• EXERCISE GOAL:
Begin at the line containing "Piso en la primera" in the entries below and end at the line containing "Pumped to see"; transcribe that range exactly and nothing outside it.

• DATASET RECORDS:
=== Begin Enclosure ===

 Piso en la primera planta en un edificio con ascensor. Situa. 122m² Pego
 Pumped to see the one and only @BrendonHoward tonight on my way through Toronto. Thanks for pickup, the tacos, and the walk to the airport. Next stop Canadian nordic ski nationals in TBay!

=== End Enclosure ===
=== Begin Enclosure ===

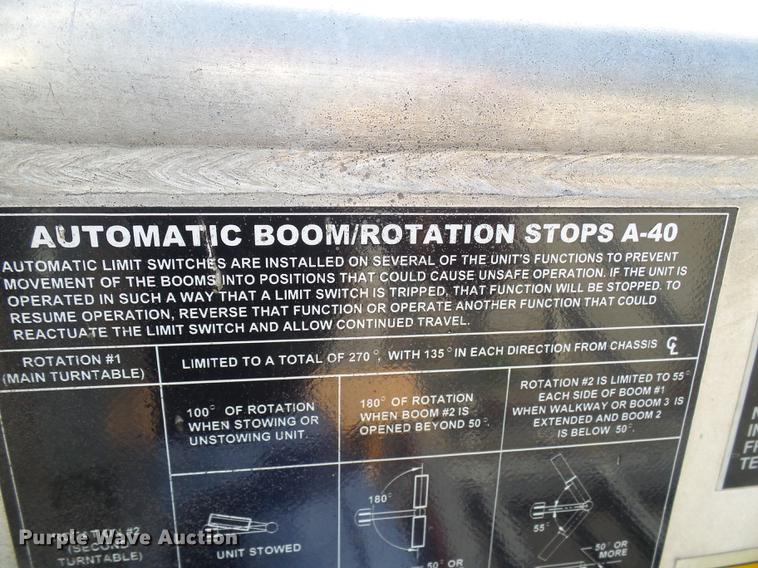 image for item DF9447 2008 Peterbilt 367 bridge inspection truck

=== End Enclosure ===

• EXPECTED ANSWER:
 Piso en la primera planta en un edificio con ascensor. Situa. 122m² Pego
 Pumped to see the one and only @BrendonHoward tonight on my way through Toronto. Thanks for pickup, the tacos, and the walk to the airport. Next stop Canadian nordic ski nationals in TBay!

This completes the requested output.